- Input data
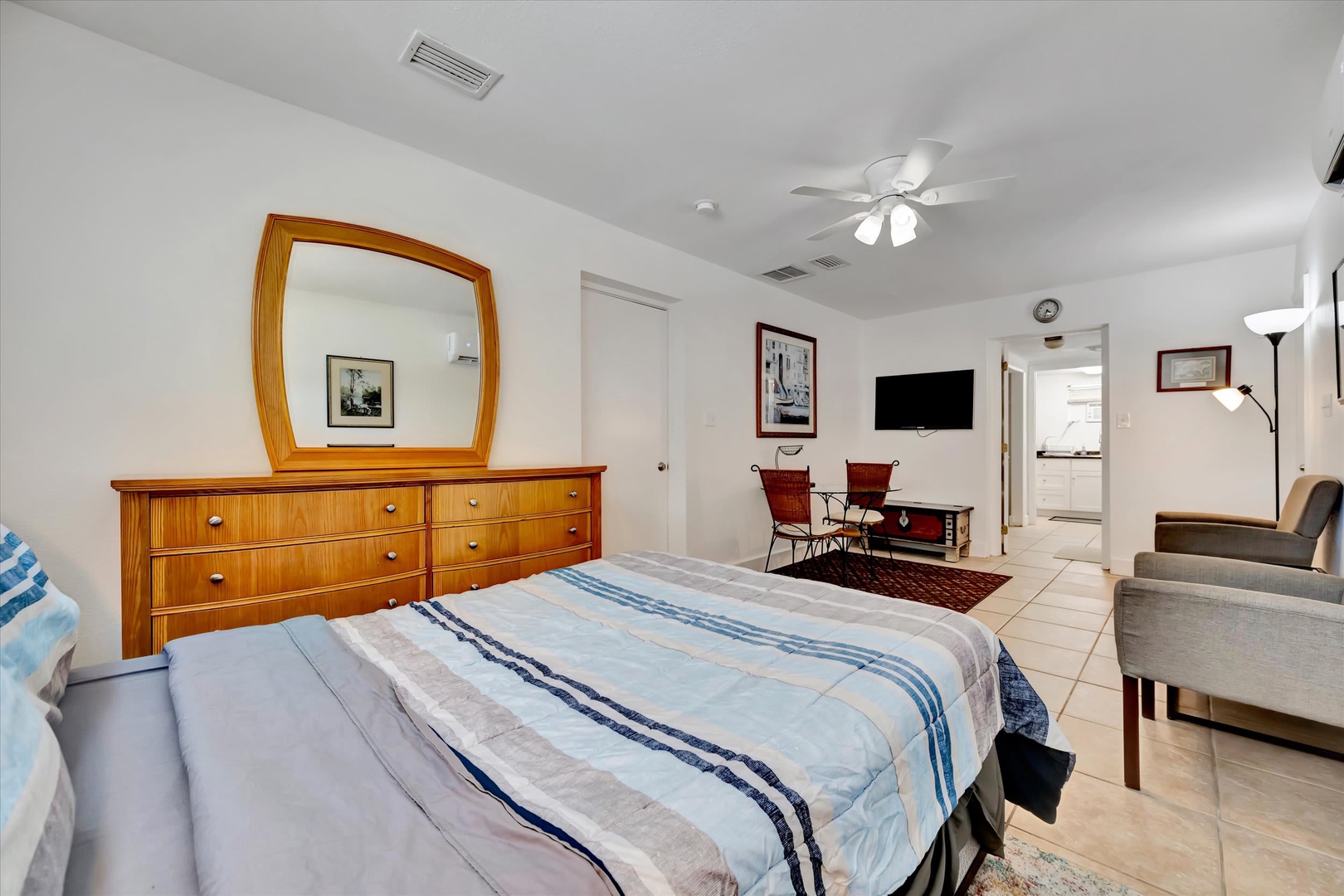 Your bright, spacious retreat features a cozy bed, thoughtful seating, and modern touches—perfect for unwinding after a day of adventure.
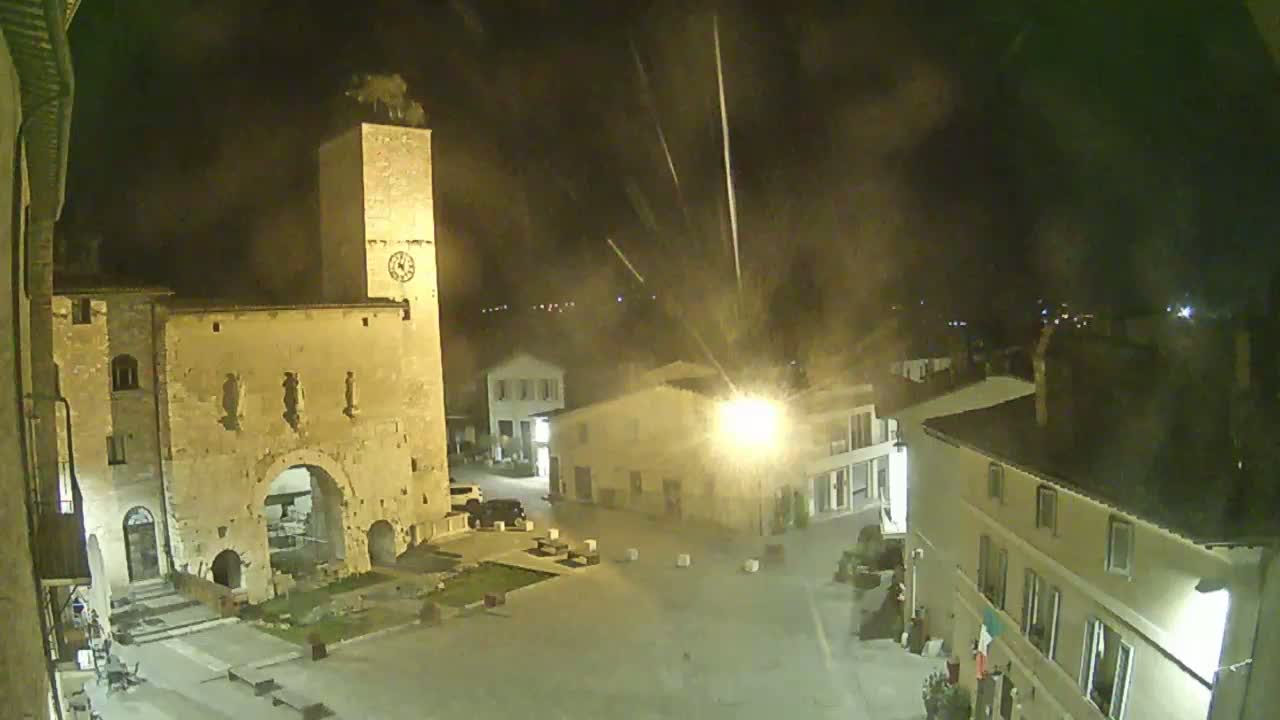 A nighttime view of a town square with stone buildings, including a tall clock tower, illuminated by streetlights under a hazy sky.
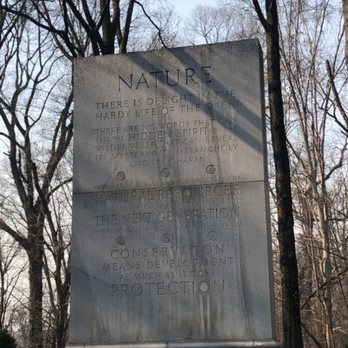 Theodore Roosevelt Island - Pillars surrounding the monument with words dedicated to Theodore Roosevelt's mission and legacy - Parks Near Me Theodore Roosevelt Island - Pillars surrounding the monument with words dedicated to Theodore Roosevelt's mission and legacy - Parks Near Me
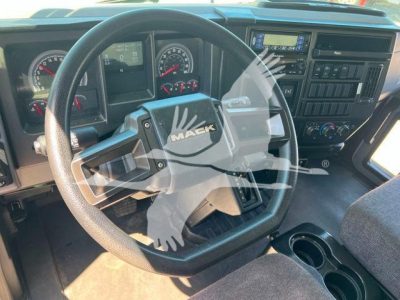 Mack MD6 interior showing steering wheel with MAEK emblem and dashboard gauges, overhead controls, and center console.
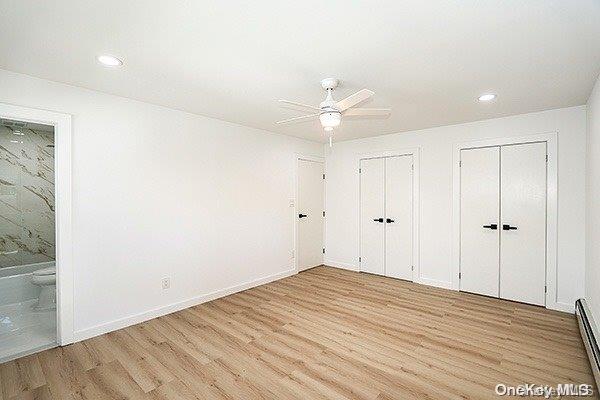 unfurnished bedroom featuring multiple closets, connected bathroom, ceiling fan, light hardwood / wood-style floors, and a baseboard heating unit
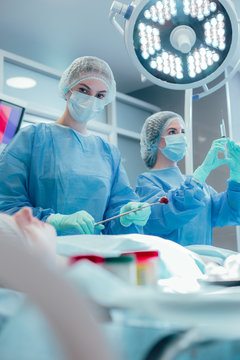 Doctors operating their patient and looking concentrated stock photo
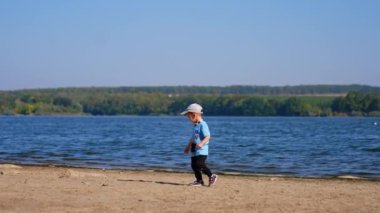 Yazın nehir kıyısında yürüyen küçük bir çocuk. Küçük çocuk yerden bir taş aldı ve atmak için suya koştu..
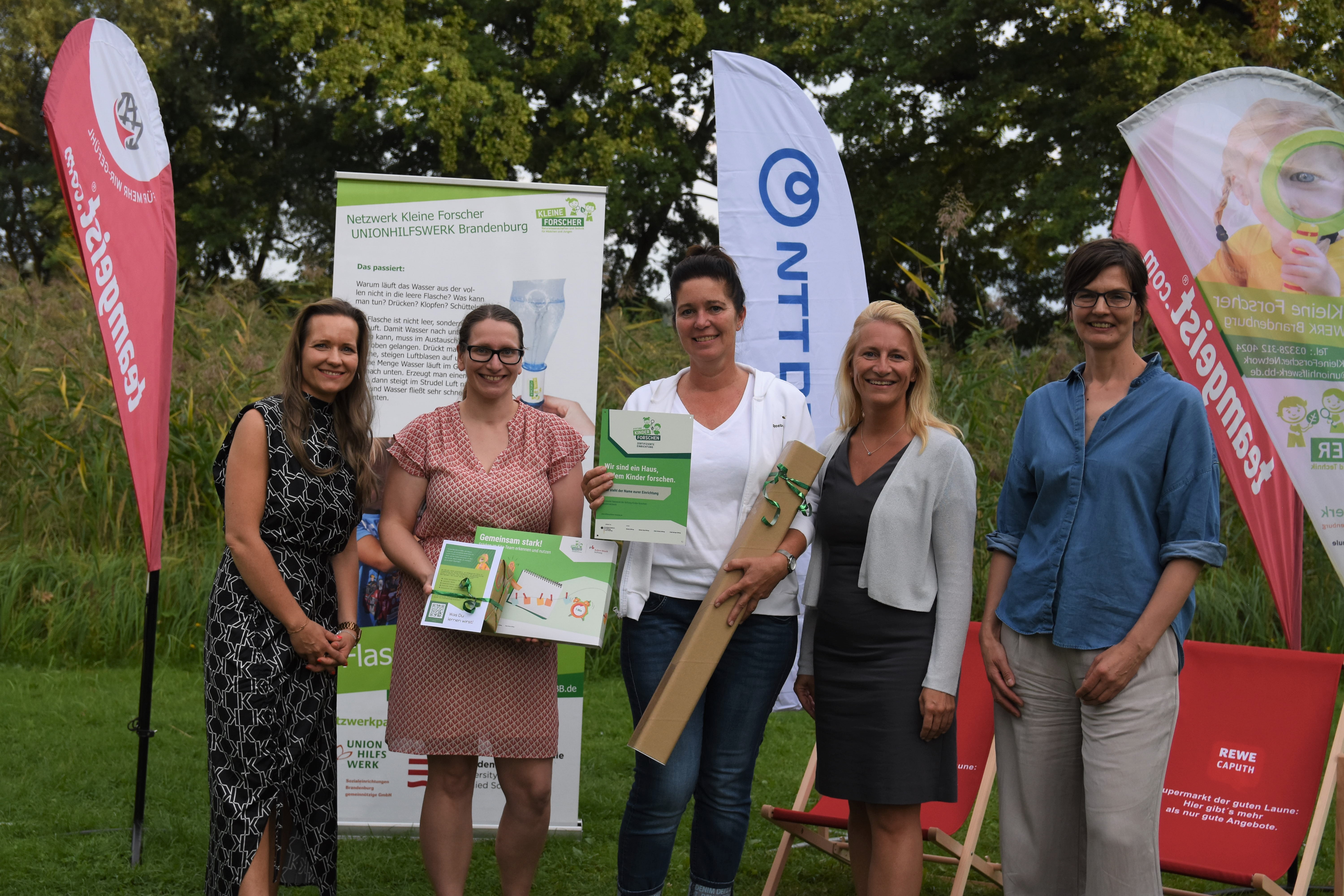 Vier Frauen stehen vor Aufstellern.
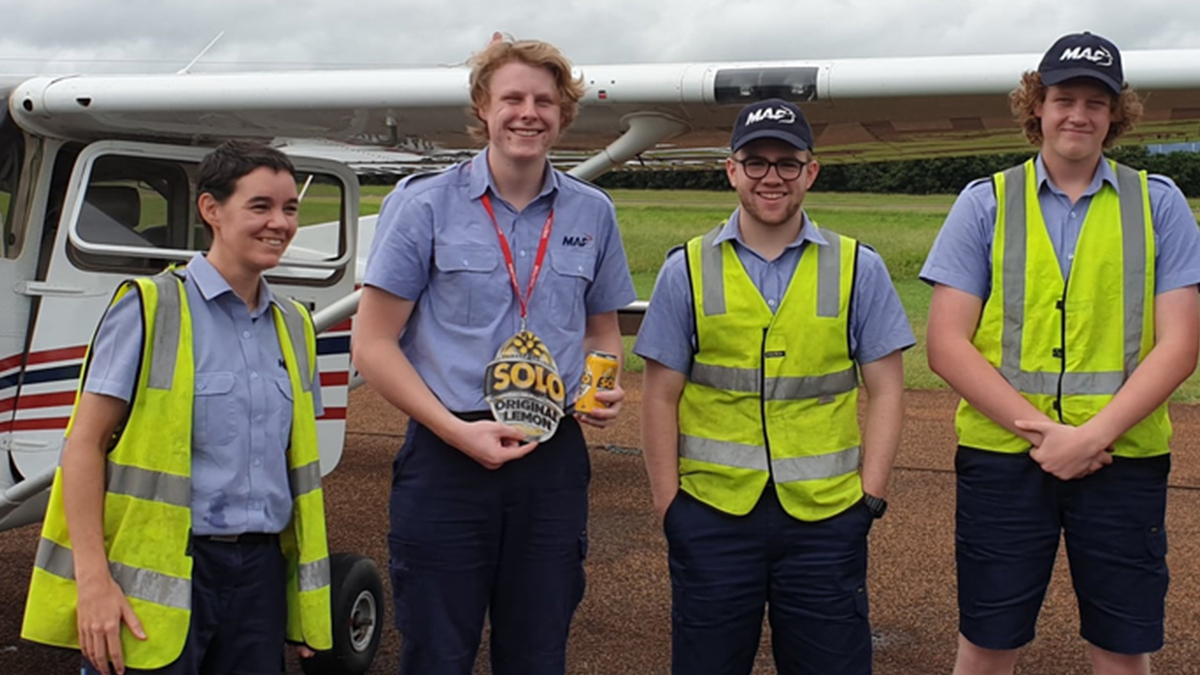 Flight Instructor, Bridget Ingham (far left) in Cooktown with students Jacob, Joe and Nathan (L to R) for a training exercise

- Directions
What is needed is every record above, restated word for word, with the pictures left out.

- The completed task
 Your bright, spacious retreat features a cozy bed, thoughtful seating, and modern touches—perfect for unwinding after a day of adventure.
 A nighttime view of a town square with stone buildings, including a tall clock tower, illuminated by streetlights under a hazy sky.
 Theodore Roosevelt Island - Pillars surrounding the monument with words dedicated to Theodore Roosevelt's mission and legacy - Parks Near Me Theodore Roosevelt Island - Pillars surrounding the monument with words dedicated to Theodore Roosevelt's mission and legacy - Parks Near Me
 Mack MD6 interior showing steering wheel with MAEK emblem and dashboard gauges, overhead controls, and center console.
 unfurnished bedroom featuring multiple closets, connected bathroom, ceiling fan, light hardwood / wood-style floors, and a baseboard heating unit
 Doctors operating their patient and looking concentrated stock photo
 Yazın nehir kıyısında yürüyen küçük bir çocuk. Küçük çocuk yerden bir taş aldı ve atmak için suya koştu..
 Vier Frauen stehen vor Aufstellern.
 Flight Instructor, Bridget Ingham (far left) in Cooktown with students Jacob, Joe and Nathan (L to R) for a training exercise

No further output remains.